Spring a great time to become more active
Note: This post is written by the team of The ONE Group (Oncology – Nutrition – Exercise) at Penn State College of Medicine as part of a first-person blog about their work. Learn more about the group here.
Spring is almost here. And for many us, it couldn’t come fast enough. After close to two years of closures, masks and social distancing, having a ‘normal’ routine feels like a distant memory. The great news is that we have an opportunity to reset the narrative and start again. It is also the perfect time to revisit your plans for exercise and active living.

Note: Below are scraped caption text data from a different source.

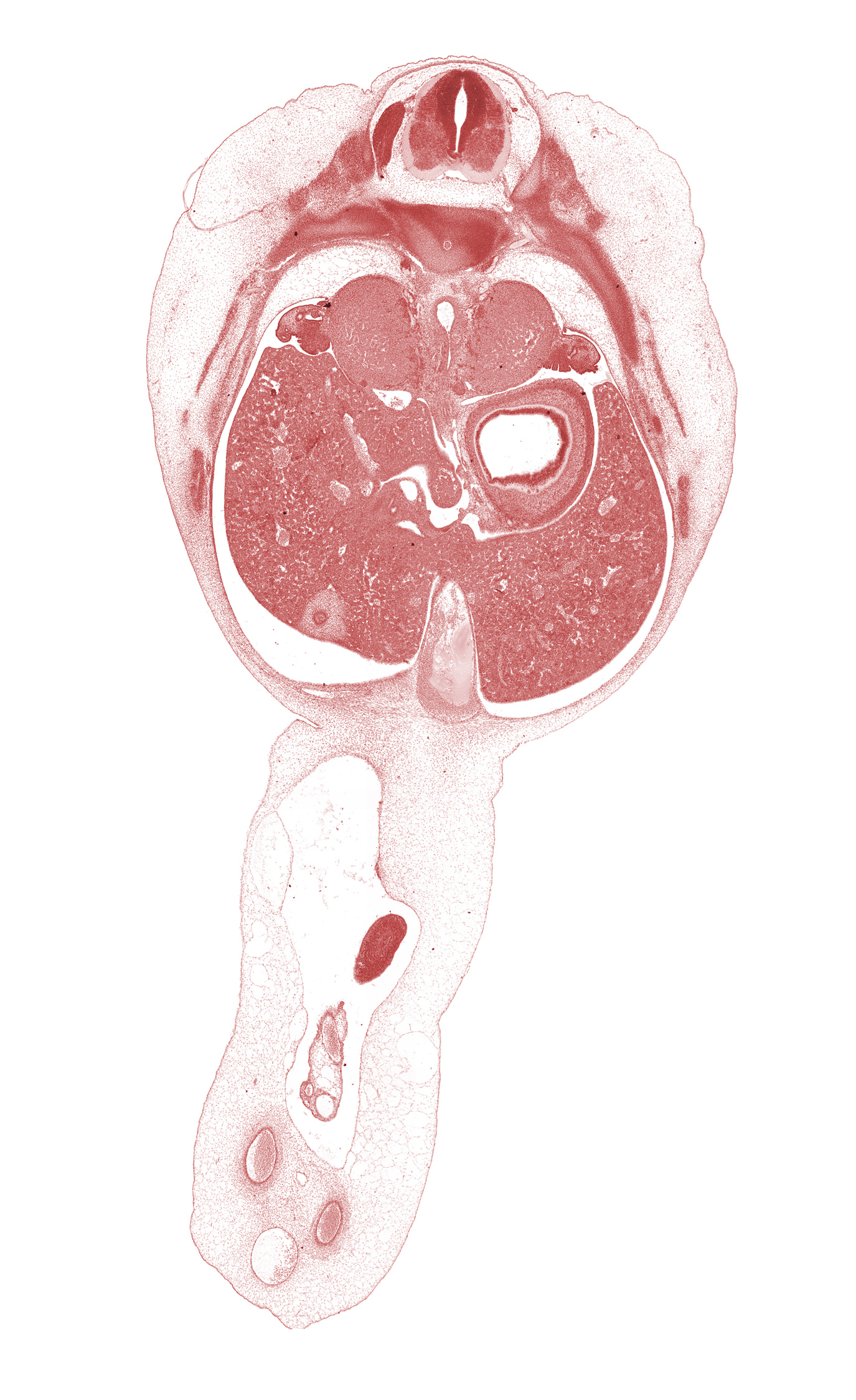 T-10 intercostal nerve, T-9 / T-10 interganglion region, celiac trunk, external abdominal oblique muscle, gall bladder, hepatic portal vein, internal abdominal oblique muscle, junction of ductus venosus and umbilical vein, left lobe of liver, lumen of body of stomach, omphalomesenteric artery, quadrate lobe of liver, rectus abdominis muscle, rib 10, rib 11, right lobe of liver, spleen, subarachnoid space, suprarenal gland medulla, sympathetic trunk, transversus abdominis muscle, umbilical coelom, wall of herniated midgut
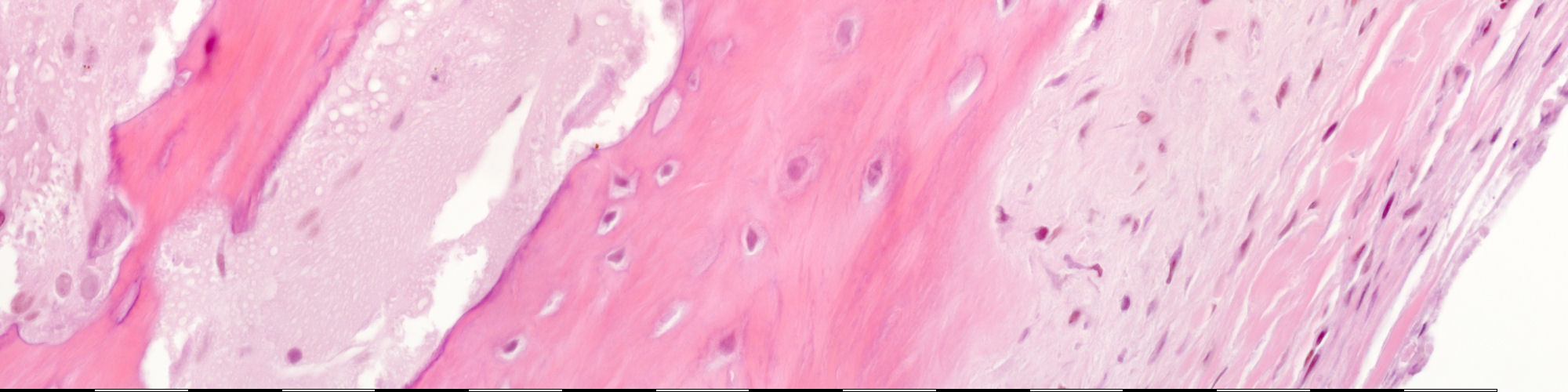 Medium magnification of immature bone from the vault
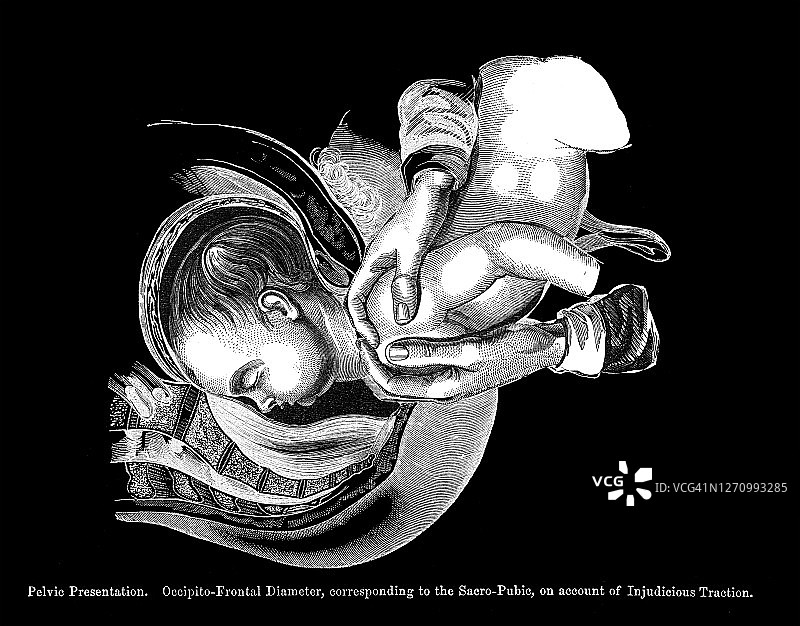 子宫内胎儿不同位置的古老雕刻插图图片素材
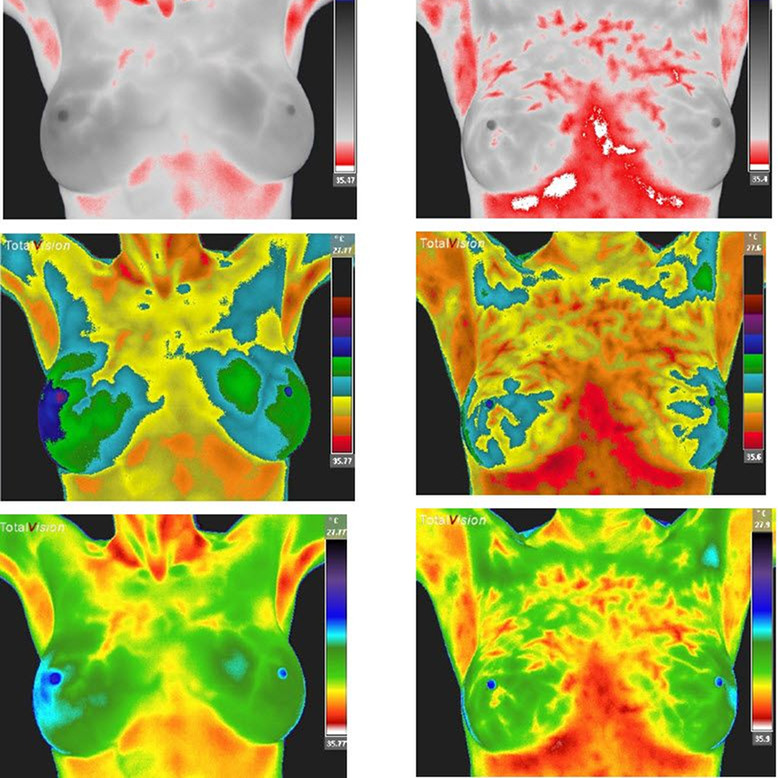 Breast Thermography & Hormones - Florida Medical Thermography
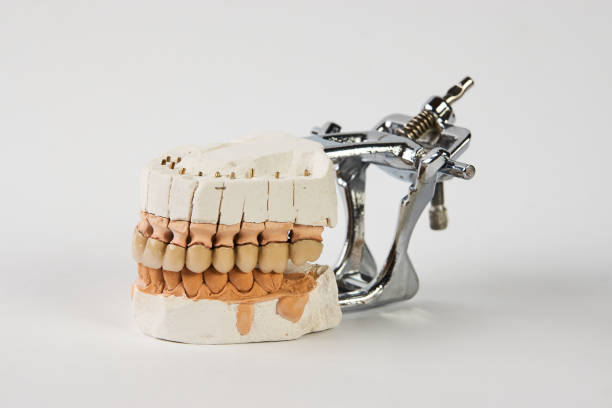 istock Gypsum Dentures with porcelain teeth isolated on white backgroun 1133851702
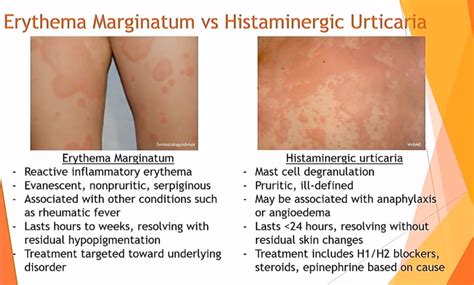 Erythema Marginatum Rheumatic Fever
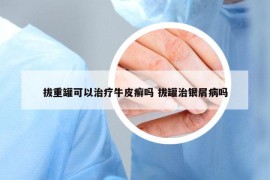 拔重罐可以治疗牛皮癣吗 拔罐治银屑病吗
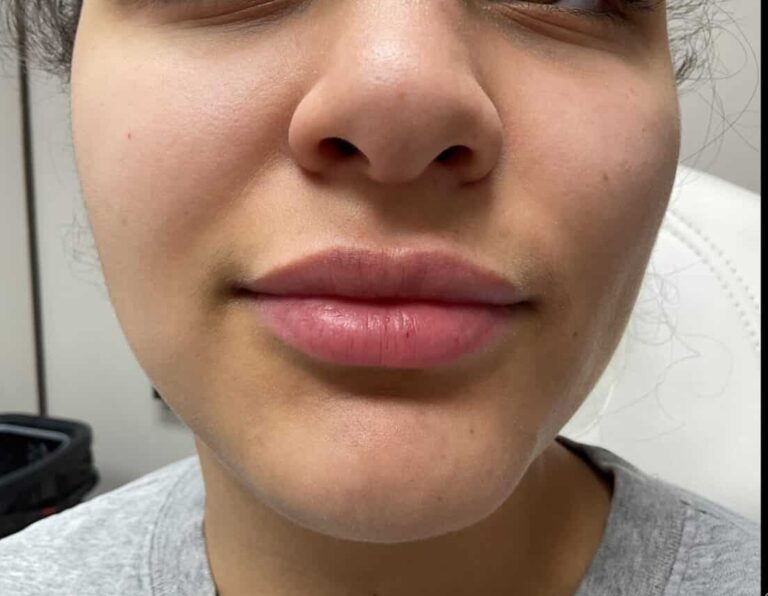 After Image: Lip Filler - front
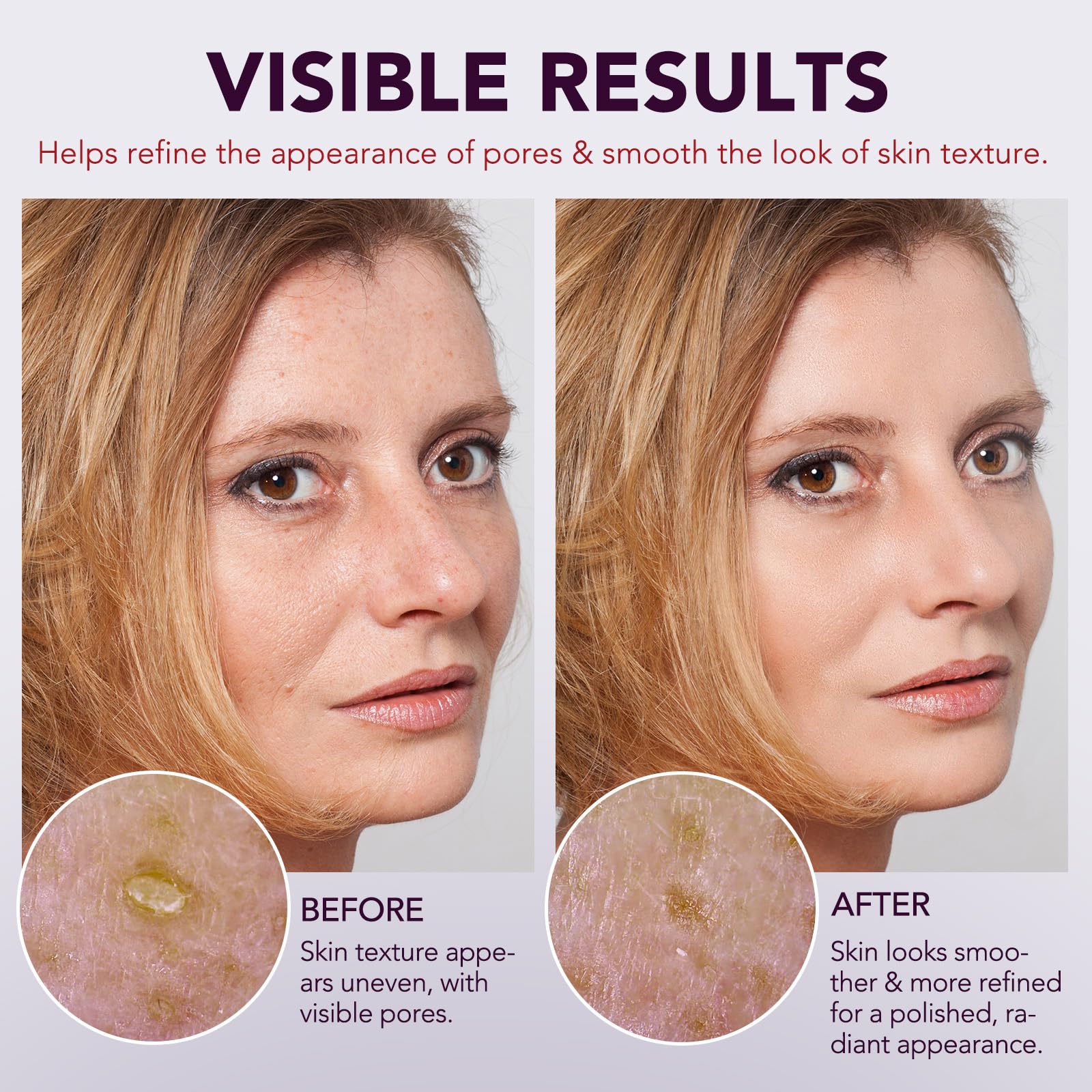 Close-up showing potential texture improvement and refined pores with OMZOK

Maybe you had a favorite class at your gym before the pandemic. One of the many disappointments of the pandemic were gym closures, and for some, it was hard to replace a comfortable routine with something else. The silver lining there is that on-demand exercise programming has never been more robust. For families with children, the YMCA has a range of offerings from barre class to boot camp. Even for older adults, many of whom are not used to accessing programming via video platforms, options have never been better. For adults 65 years and older, the Silver Sneakers program offers lots of age-appropriate workout options, from yoga to aerobics. Choosing programming on-demand has the added benefit of choosing the time that works best for you.
We recently did an assessment of Silver Sneakers programs in Central PA, and found that the majority of facilities were able to continue providing programming to their members throughout the pandemic months, partly because of the ability to adapt to remote platforms. In our studies in the ONE group, we also offer instructions on using remote platforms for new users, and our “Zoom 101” module is a popular choice that opens so many possibilities for our study participants. For example, check out the REJOIN study for older breast cancer survivors. REJOIN is an exercise research study for breast cancer survivors, which uses a Zoom-based intervention. If you’re interested in learning more, contact Robinn Moyer at 717-531-0003, x289349 or email firstname.lastname@example.org for details.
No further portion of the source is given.